▶ **What you are asked to do**
Repeat each line of the data below exactly, but skip the pictures.

Short web captions:
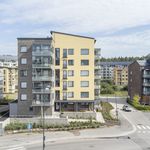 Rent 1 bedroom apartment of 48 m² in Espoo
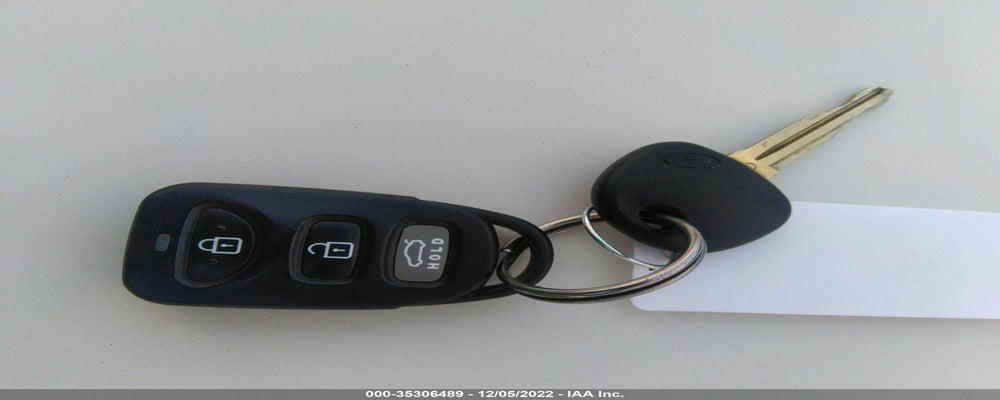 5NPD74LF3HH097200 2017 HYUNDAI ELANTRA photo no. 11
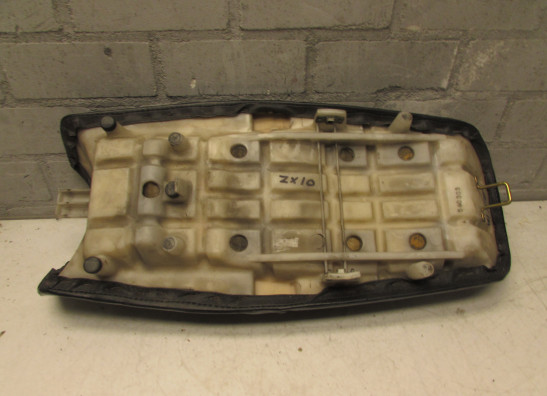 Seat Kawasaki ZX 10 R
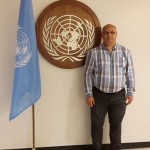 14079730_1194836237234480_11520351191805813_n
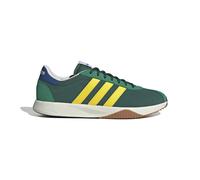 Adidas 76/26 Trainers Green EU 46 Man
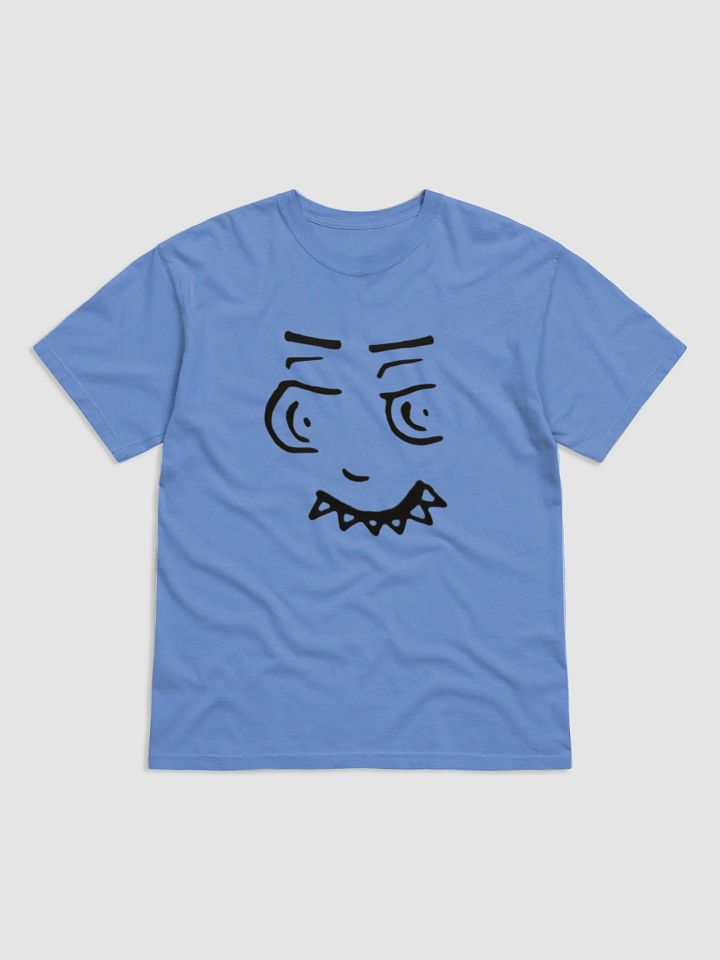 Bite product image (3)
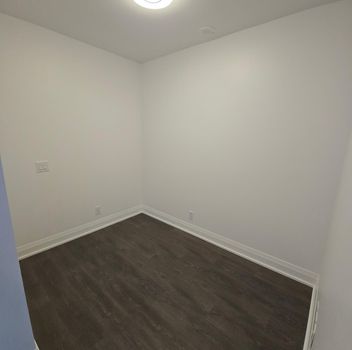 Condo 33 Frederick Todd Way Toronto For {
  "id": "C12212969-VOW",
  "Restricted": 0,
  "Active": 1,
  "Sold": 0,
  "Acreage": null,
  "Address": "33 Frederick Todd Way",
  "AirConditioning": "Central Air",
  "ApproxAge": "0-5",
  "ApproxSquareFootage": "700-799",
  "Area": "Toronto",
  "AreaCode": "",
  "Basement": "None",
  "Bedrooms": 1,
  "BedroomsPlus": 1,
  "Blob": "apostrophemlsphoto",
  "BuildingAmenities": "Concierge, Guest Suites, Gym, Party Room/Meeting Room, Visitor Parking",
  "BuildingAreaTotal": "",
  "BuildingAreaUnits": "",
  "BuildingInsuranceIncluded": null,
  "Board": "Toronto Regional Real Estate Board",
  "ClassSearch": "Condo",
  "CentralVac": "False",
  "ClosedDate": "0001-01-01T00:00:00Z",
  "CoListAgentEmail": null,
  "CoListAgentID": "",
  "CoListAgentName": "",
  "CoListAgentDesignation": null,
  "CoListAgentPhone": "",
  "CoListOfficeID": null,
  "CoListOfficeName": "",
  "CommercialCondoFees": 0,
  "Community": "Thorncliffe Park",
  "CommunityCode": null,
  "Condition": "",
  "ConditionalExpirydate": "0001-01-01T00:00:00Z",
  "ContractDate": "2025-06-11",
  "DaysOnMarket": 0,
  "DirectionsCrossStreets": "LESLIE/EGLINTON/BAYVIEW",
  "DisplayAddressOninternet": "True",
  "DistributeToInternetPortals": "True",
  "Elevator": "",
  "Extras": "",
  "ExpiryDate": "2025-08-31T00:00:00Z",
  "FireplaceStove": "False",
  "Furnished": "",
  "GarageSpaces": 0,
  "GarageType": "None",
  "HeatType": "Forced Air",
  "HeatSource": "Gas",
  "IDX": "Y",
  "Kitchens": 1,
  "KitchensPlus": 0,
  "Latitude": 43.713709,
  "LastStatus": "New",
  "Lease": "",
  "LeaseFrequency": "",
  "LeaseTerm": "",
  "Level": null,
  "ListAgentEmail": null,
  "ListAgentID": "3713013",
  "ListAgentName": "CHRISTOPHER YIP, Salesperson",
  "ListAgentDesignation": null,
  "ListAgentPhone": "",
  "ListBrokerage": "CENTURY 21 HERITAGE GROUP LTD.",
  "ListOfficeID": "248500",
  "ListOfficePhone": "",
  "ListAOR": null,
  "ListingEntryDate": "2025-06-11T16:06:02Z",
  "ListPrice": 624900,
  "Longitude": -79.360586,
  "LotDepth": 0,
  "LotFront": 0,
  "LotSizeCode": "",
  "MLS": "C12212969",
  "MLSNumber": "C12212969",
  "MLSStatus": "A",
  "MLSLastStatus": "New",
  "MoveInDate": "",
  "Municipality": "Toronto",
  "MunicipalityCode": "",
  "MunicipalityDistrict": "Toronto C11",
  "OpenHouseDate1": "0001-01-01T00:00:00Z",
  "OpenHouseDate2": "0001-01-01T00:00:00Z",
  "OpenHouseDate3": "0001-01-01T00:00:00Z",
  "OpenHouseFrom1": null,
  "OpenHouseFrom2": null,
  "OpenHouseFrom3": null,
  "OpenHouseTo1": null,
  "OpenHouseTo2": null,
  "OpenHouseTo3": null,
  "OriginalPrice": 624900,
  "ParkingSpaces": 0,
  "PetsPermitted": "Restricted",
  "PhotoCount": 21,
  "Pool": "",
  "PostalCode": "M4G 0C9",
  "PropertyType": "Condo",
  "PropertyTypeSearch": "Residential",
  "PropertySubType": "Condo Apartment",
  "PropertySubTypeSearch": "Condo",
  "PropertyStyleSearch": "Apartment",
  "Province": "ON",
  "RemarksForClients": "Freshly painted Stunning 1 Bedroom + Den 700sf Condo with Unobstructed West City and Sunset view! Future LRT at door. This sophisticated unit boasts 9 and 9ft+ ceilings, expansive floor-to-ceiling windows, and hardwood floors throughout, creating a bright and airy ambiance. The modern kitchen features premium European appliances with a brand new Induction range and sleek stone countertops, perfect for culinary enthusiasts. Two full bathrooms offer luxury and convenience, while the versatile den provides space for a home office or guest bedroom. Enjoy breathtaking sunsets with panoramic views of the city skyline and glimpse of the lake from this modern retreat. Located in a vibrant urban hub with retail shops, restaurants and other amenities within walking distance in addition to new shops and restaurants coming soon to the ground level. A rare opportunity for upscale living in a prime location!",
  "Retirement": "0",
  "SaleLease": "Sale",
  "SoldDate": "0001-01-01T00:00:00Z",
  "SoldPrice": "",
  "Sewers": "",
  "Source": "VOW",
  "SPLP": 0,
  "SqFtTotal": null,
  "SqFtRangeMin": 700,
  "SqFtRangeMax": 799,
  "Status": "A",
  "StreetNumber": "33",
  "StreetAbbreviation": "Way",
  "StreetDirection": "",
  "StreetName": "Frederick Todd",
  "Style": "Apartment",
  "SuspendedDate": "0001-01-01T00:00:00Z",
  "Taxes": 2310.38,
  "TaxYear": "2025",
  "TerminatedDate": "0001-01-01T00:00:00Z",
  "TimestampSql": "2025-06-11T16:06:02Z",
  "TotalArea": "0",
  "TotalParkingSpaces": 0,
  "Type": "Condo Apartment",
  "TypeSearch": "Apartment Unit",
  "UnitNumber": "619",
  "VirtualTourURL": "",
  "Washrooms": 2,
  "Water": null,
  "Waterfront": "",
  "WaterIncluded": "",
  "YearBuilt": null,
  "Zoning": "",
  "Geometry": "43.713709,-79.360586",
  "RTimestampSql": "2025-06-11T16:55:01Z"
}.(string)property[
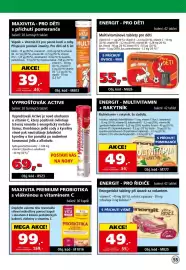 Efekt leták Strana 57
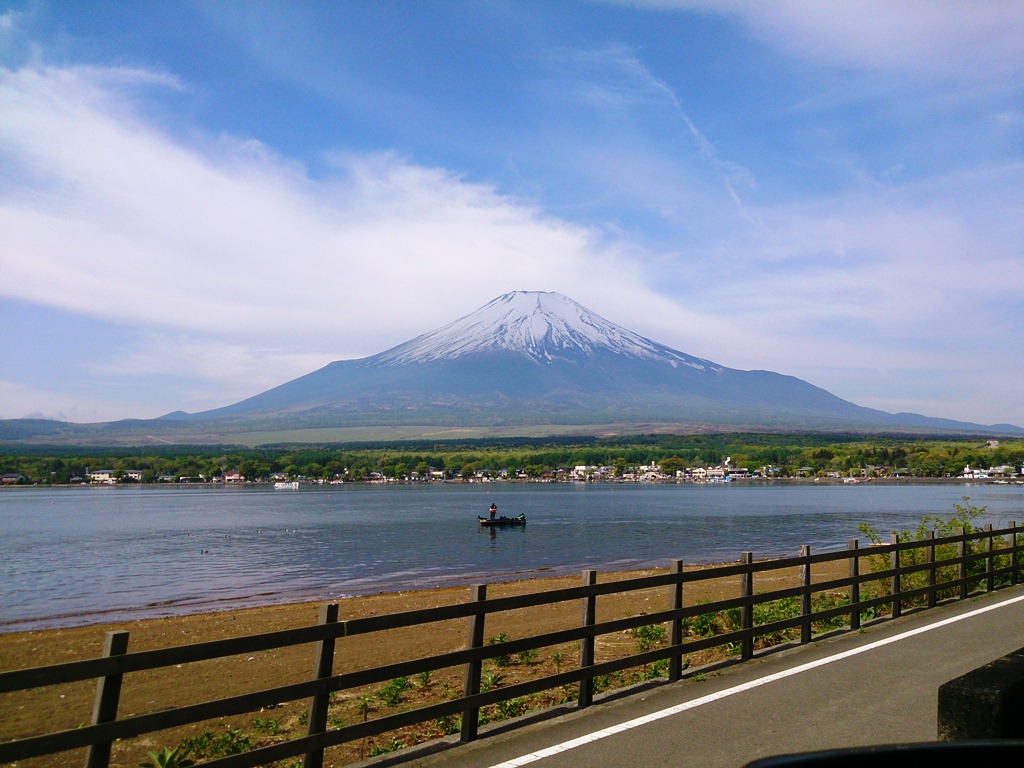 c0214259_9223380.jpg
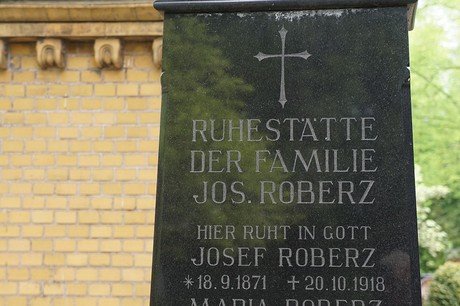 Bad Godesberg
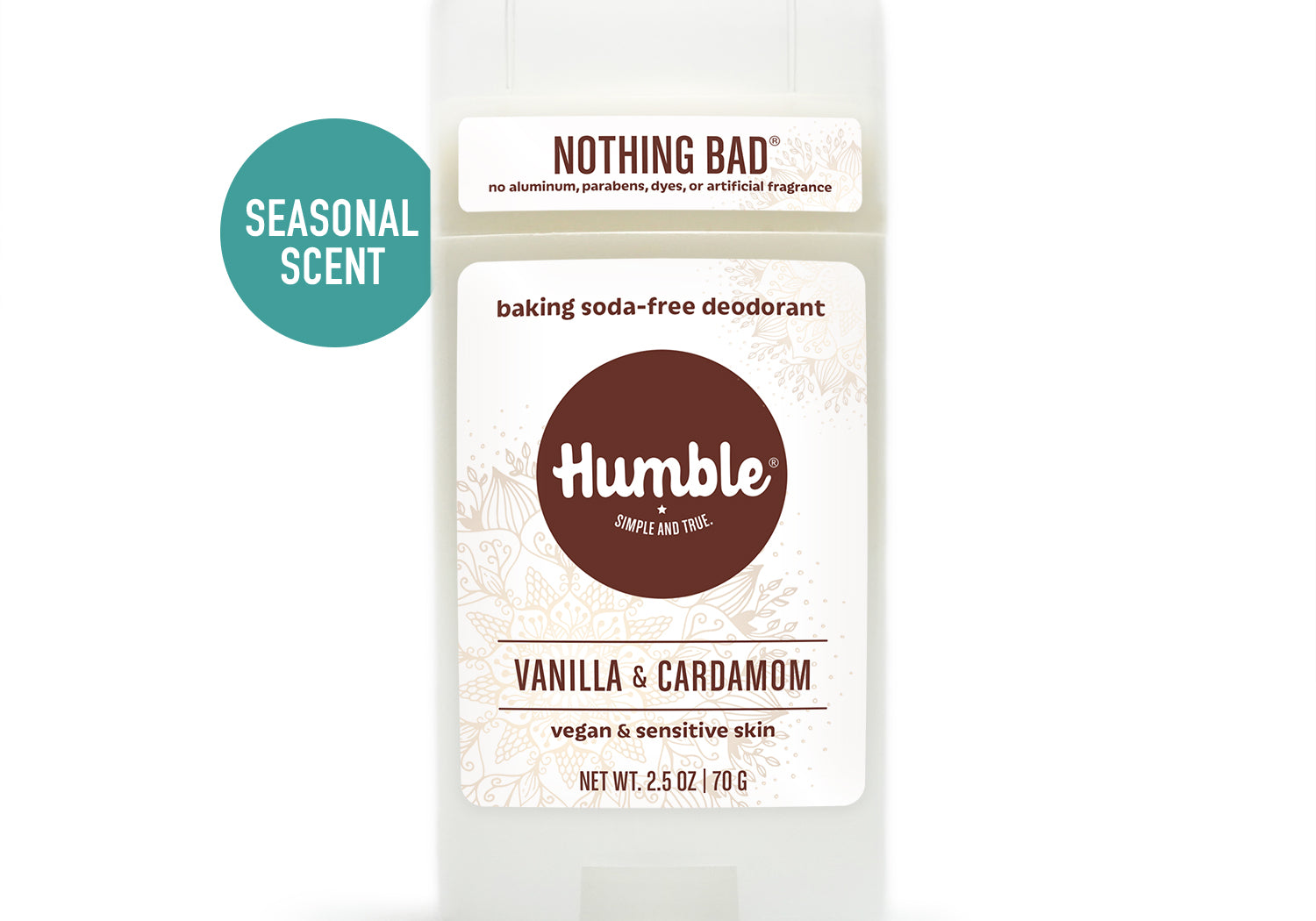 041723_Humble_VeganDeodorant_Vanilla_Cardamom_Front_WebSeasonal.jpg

▶ **Result**
 Rent 1 bedroom apartment of 48 m² in Espoo
 5NPD74LF3HH097200 2017 HYUNDAI ELANTRA photo no. 11
 Seat Kawasaki ZX 10 R
 14079730_1194836237234480_11520351191805813_n
 Adidas 76/26 Trainers Green EU 46 Man
 Bite product image (3)
 Condo 33 Frederick Todd Way Toronto For {
  "id": "C12212969-VOW",
  "Restricted": 0,
  "Active": 1,
  "Sold": 0,
  "Acreage": null,
  "Address": "33 Frederick Todd Way",
  "AirConditioning": "Central Air",
  "ApproxAge": "0-5",
  "ApproxSquareFootage": "700-799",
  "Area": "Toronto",
  "AreaCode": "",
  "Basement": "None",
  "Bedrooms": 1,
  "BedroomsPlus": 1,
  "Blob": "apostrophemlsphoto",
  "BuildingAmenities": "Concierge, Guest Suites, Gym, Party Room/Meeting Room, Visitor Parking",
  "BuildingAreaTotal": "",
  "BuildingAreaUnits": "",
  "BuildingInsuranceIncluded": null,
  "Board": "Toronto Regional Real Estate Board",
  "ClassSearch": "Condo",
  "CentralVac": "False",
  "ClosedDate": "0001-01-01T00:00:00Z",
  "CoListAgentEmail": null,
  "CoListAgentID": "",
  "CoListAgentName": "",
  "CoListAgentDesignation": null,
  "CoListAgentPhone": "",
  "CoListOfficeID": null,
  "CoListOfficeName": "",
  "CommercialCondoFees": 0,
  "Community": "Thorncliffe Park",
  "CommunityCode": null,
  "Condition": "",
  "ConditionalExpirydate": "0001-01-01T00:00:00Z",
  "ContractDate": "2025-06-11",
  "DaysOnMarket": 0,
  "DirectionsCrossStreets": "LESLIE/EGLINTON/BAYVIEW",
  "DisplayAddressOninternet": "True",
  "DistributeToInternetPortals": "True",
  "Elevator": "",
  "Extras": "",
  "ExpiryDate": "2025-08-31T00:00:00Z",
  "FireplaceStove": "False",
  "Furnished": "",
  "GarageSpaces": 0,
  "GarageType": "None",
  "HeatType": "Forced Air",
  "HeatSource": "Gas",
  "IDX": "Y",
  "Kitchens": 1,
  "KitchensPlus": 0,
  "Latitude": 43.713709,
  "LastStatus": "New",
  "Lease": "",
  "LeaseFrequency": "",
  "LeaseTerm": "",
  "Level": null,
  "ListAgentEmail": null,
  "ListAgentID": "3713013",
  "ListAgentName": "CHRISTOPHER YIP, Salesperson",
  "ListAgentDesignation": null,
  "ListAgentPhone": "",
  "ListBrokerage": "CENTURY 21 HERITAGE GROUP LTD.",
  "ListOfficeID": "248500",
  "ListOfficePhone": "",
  "ListAOR": null,
  "ListingEntryDate": "2025-06-11T16:06:02Z",
  "ListPrice": 624900,
  "Longitude": -79.360586,
  "LotDepth": 0,
  "LotFront": 0,
  "LotSizeCode": "",
  "MLS": "C12212969",
  "MLSNumber": "C12212969",
  "MLSStatus": "A",
  "MLSLastStatus": "New",
  "MoveInDate": "",
  "Municipality": "Toronto",
  "MunicipalityCode": "",
  "MunicipalityDistrict": "Toronto C11",
  "OpenHouseDate1": "0001-01-01T00:00:00Z",
  "OpenHouseDate2": "0001-01-01T00:00:00Z",
  "OpenHouseDate3": "0001-01-01T00:00:00Z",
  "OpenHouseFrom1": null,
  "OpenHouseFrom2": null,
  "OpenHouseFrom3": null,
  "OpenHouseTo1": null,
  "OpenHouseTo2": null,
  "OpenHouseTo3": null,
  "OriginalPrice": 624900,
  "ParkingSpaces": 0,
  "PetsPermitted": "Restricted",
  "PhotoCount": 21,
  "Pool": "",
  "PostalCode": "M4G 0C9",
  "PropertyType": "Condo",
  "PropertyTypeSearch": "Residential",
  "PropertySubType": "Condo Apartment",
  "PropertySubTypeSearch": "Condo",
  "PropertyStyleSearch": "Apartment",
  "Province": "ON",
  "RemarksForClients": "Freshly painted Stunning 1 Bedroom + Den 700sf Condo with Unobstructed West City and Sunset view! Future LRT at door. This sophisticated unit boasts 9 and 9ft+ ceilings, expansive floor-to-ceiling windows, and hardwood floors throughout, creating a bright and airy ambiance. The modern kitchen features premium European appliances with a brand new Induction range and sleek stone countertops, perfect for culinary enthusiasts. Two full bathrooms offer luxury and convenience, while the versatile den provides space for a home office or guest bedroom. Enjoy breathtaking sunsets with panoramic views of the city skyline and glimpse of the lake from this modern retreat. Located in a vibrant urban hub with retail shops, restaurants and other amenities within walking distance in addition to new shops and restaurants coming soon to the ground level. A rare opportunity for upscale living in a prime location!",
  "Retirement": "0",
  "SaleLease": "Sale",
  "SoldDate": "0001-01-01T00:00:00Z",
  "SoldPrice": "",
  "Sewers": "",
  "Source": "VOW",
  "SPLP": 0,
  "SqFtTotal": null,
  "SqFtRangeMin": 700,
  "SqFtRangeMax": 799,
  "Status": "A",
  "StreetNumber": "33",
  "StreetAbbreviation": "Way",
  "StreetDirection": "",
  "StreetName": "Frederick Todd",
  "Style": "Apartment",
  "SuspendedDate": "0001-01-01T00:00:00Z",
  "Taxes": 2310.38,
  "TaxYear": "2025",
  "TerminatedDate": "0001-01-01T00:00:00Z",
  "TimestampSql": "2025-06-11T16:06:02Z",
  "TotalArea": "0",
  "TotalParkingSpaces": 0,
  "Type": "Condo Apartment",
  "TypeSearch": "Apartment Unit",
  "UnitNumber": "619",
  "VirtualTourURL": "",
  "Washrooms": 2,
  "Water": null,
  "Waterfront": "",
  "WaterIncluded": "",
  "YearBuilt": null,
  "Zoning": "",
  "Geometry": "43.713709,-79.360586",
  "RTimestampSql": "2025-06-11T16:55:01Z"
}.(string)property[
 Efekt leták Strana 57
 c0214259_9223380.jpg
 Bad Godesberg
 041723_Humble_VeganDeodorant_Vanilla_Cardamom_Front_WebSeasonal.jpg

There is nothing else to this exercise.